▶ _EXERCISE DESCRIPTION_
Below are entries with pictures in them. Output exactly the lines starting at the line with "ATLANTA, GEORGIA - AUGUST" and ending at the line with "Construction work is", both included, but not the pictures.

[THE DATA Boundary: Start]

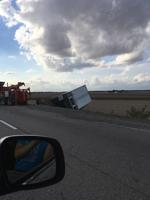 Troopers: Wind caused semi-truck to roll over on overpass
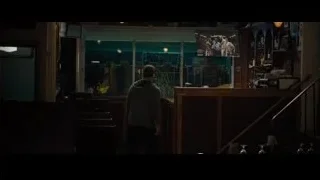 man in hoodie at bar counter with screen — Creed 2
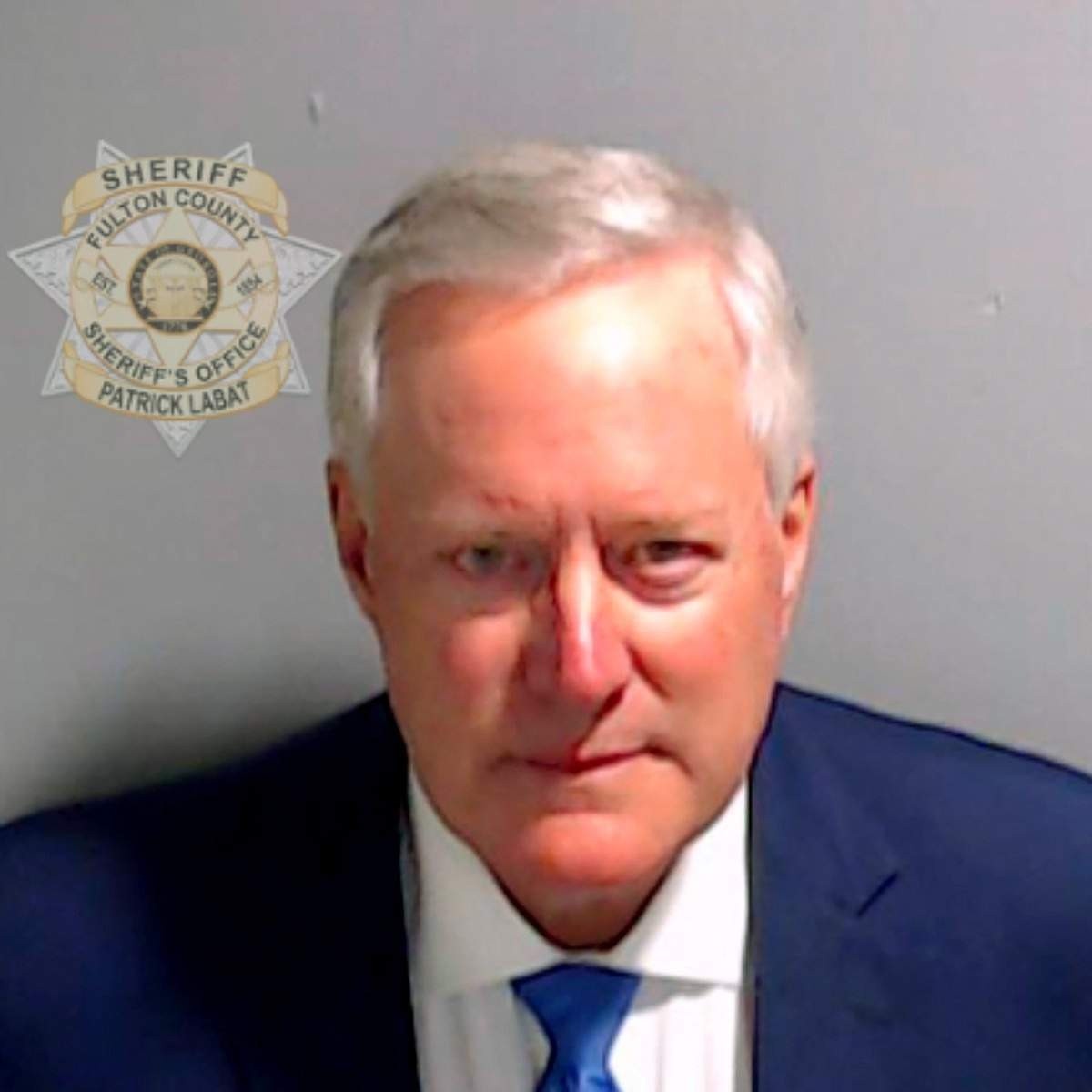  ATLANTA, GEORGIA - AUGUST 24: In this handout provided by the Fulton County Sheriff's Office, former White House Chief of Staff Mark Meadows poses for his booking photo on August 24, 2023 in Atlanta, Georgia. Former President Donald Trump and 18 others facing felony charges in the indictment related to tampering with the 2020 election in Georgia have been ordered to turn themselves in by August 25.   Fulton County Sheriff's Office via Getty Images/AFP (Photo by Handout / GETTY IMAGES NORTH AMERICA / Getty Images via AFP)       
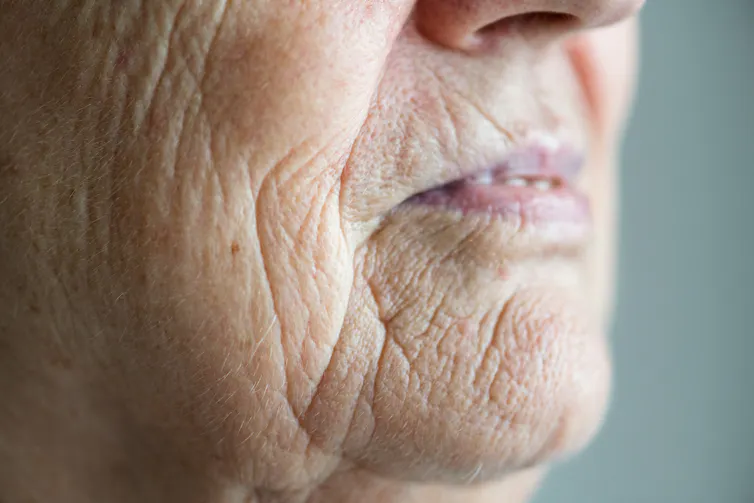 Closeup image of the lower half of an older person's face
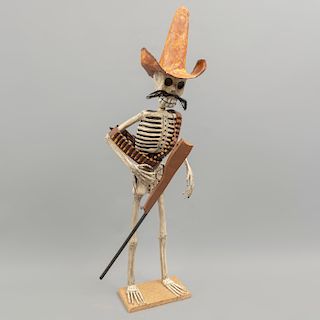 Esqueleto revolucionario. México. Siglo XX. En papel maché. Con bigote, sombrero, carrilleras de balas y Carabina. 67 x 20 x 19 cm.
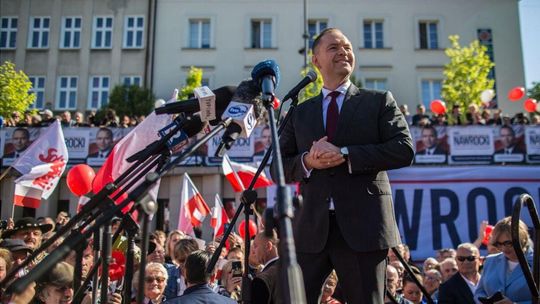 zdjęcie przedstawia mężczyznę przy mikrofonach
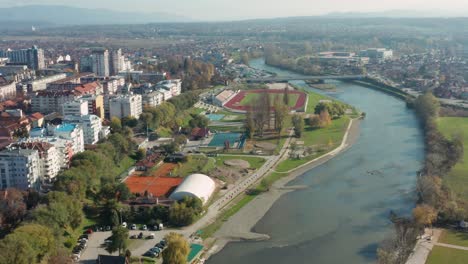 Aerial-dolly-shot-backing-away-from-the-city-of-Kraljevo-in-central-Serbia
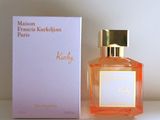 an image of a bottle of perfume sitting next to a box of perfume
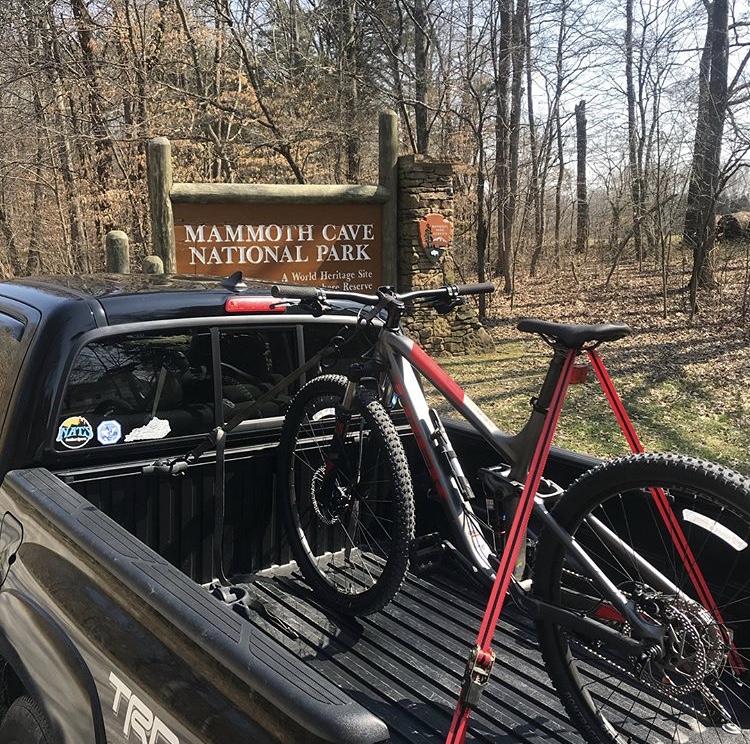 Trek Fuel EX 5 29: A pickup truck parked at Mammoth Cave National Park, featuring a bicycle in the truck bed. The background includes a wooden park sign indicating the park's name and its status as a World Heritage Site, surrounded by trees in a wooded area.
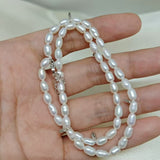 A double-wrapped freshwater pearl bracelet is held in a person's hand.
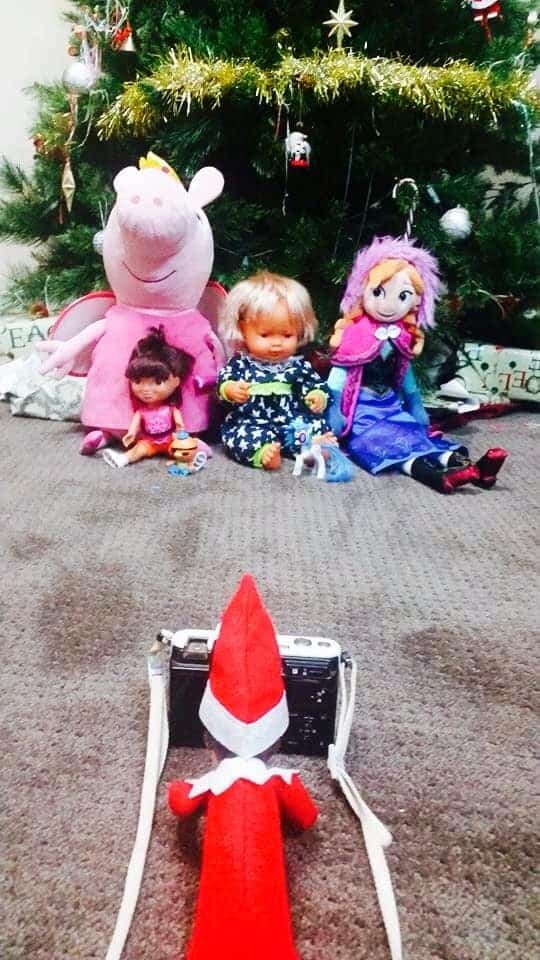Creative & Easy Elf On The Shelf Ideas (50+ Ideas) 10 Elf taking photos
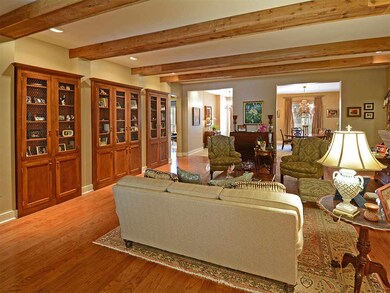 The limestone fireplace adorns one side of the liv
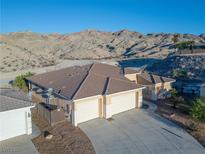 Stunning exterior view with a three-car garage and a mountain backdrop at 3439 Cottage Canyon St, Laughlin, NV 89029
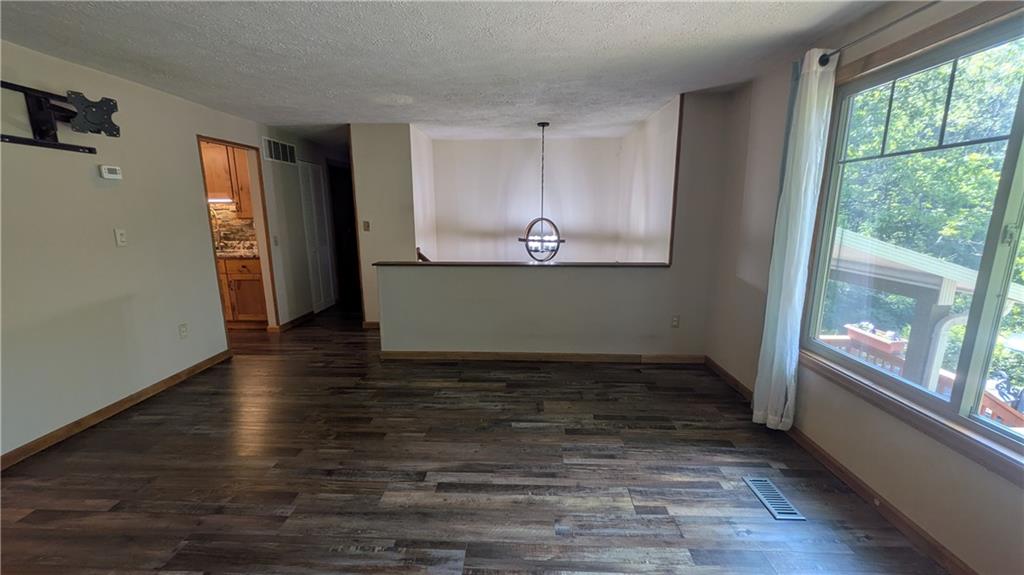 201 Colleen Street Butler, PA 16001 - Photo 18 of 33 a view of a room with wooden floor and window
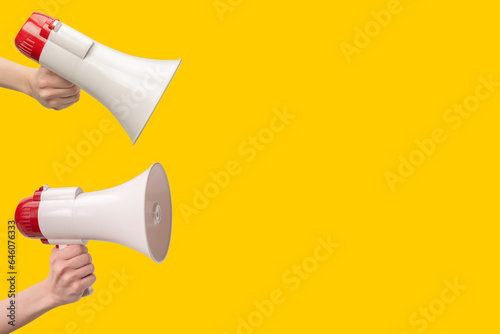 Megaphone in woman hands on a yellow background.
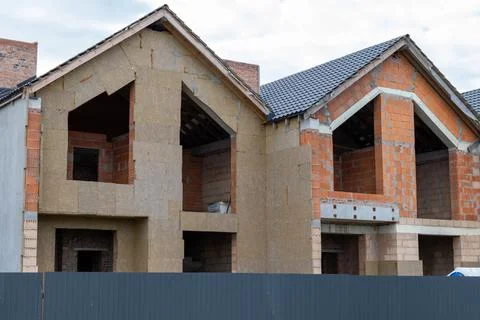 Construction work is ongoing on houses as builders use bricks and insulatio.. Stock Photos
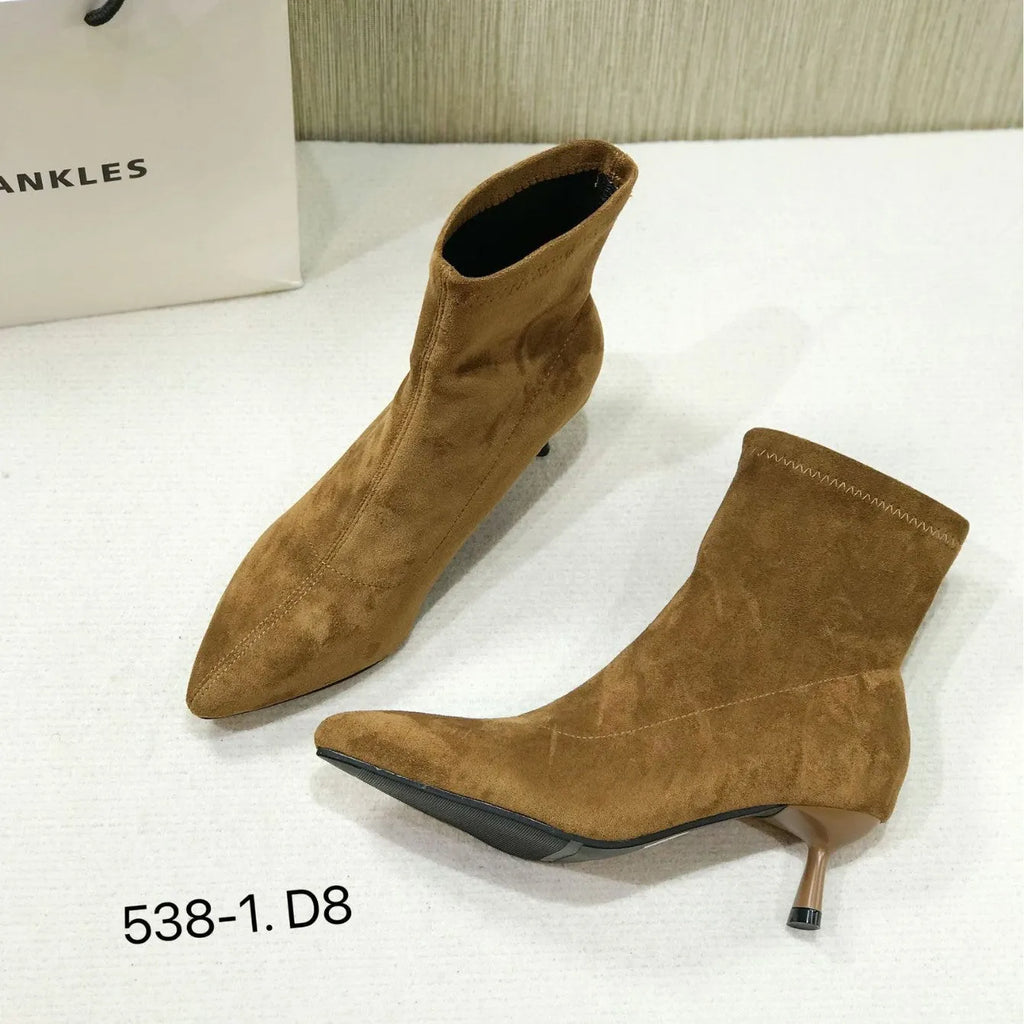 Black pointed toe women's ankle boot with high stiletto heel and mid-calf shaft on a plain background.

[THE DATA Boundary: End]

▶ _RESPONSE FOR THIS EXERCISE_
  ATLANTA, GEORGIA - AUGUST 24: In this handout provided by the Fulton County Sheriff's Office, former White House Chief of Staff Mark Meadows poses for his booking photo on August 24, 2023 in Atlanta, Georgia. Former President Donald Trump and 18 others facing felony charges in the indictment related to tampering with the 2020 election in Georgia have been ordered to turn themselves in by August 25.   Fulton County Sheriff's Office via Getty Images/AFP (Photo by Handout / GETTY IMAGES NORTH AMERICA / Getty Images via AFP)       
 Closeup image of the lower half of an older person's face
 Esqueleto revolucionario. México. Siglo XX. En papel maché. Con bigote, sombrero, carrilleras de balas y Carabina. 67 x 20 x 19 cm.
 zdjęcie przedstawia mężczyznę przy mikrofonach
 Aerial-dolly-shot-backing-away-from-the-city-of-Kraljevo-in-central-Serbia
 an image of a bottle of perfume sitting next to a box of perfume
 Trek Fuel EX 5 29: A pickup truck parked at Mammoth Cave National Park, featuring a bicycle in the truck bed. The background includes a wooden park sign indicating the park's name and its status as a World Heritage Site, surrounded by trees in a wooded area.
 A double-wrapped freshwater pearl bracelet is held in a person's hand.
Creative & Easy Elf On The Shelf Ideas (50+ Ideas) 10 Elf taking photos
 The limestone fireplace adorns one side of the liv
 Stunning exterior view with a three-car garage and a mountain backdrop at 3439 Cottage Canyon St, Laughlin, NV 89029
 201 Colleen Street Butler, PA 16001 - Photo 18 of 33 a view of a room with wooden floor and window
 Megaphone in woman hands on a yellow background.
 Construction work is ongoing on houses as builders use bricks and insulatio.. Stock Photos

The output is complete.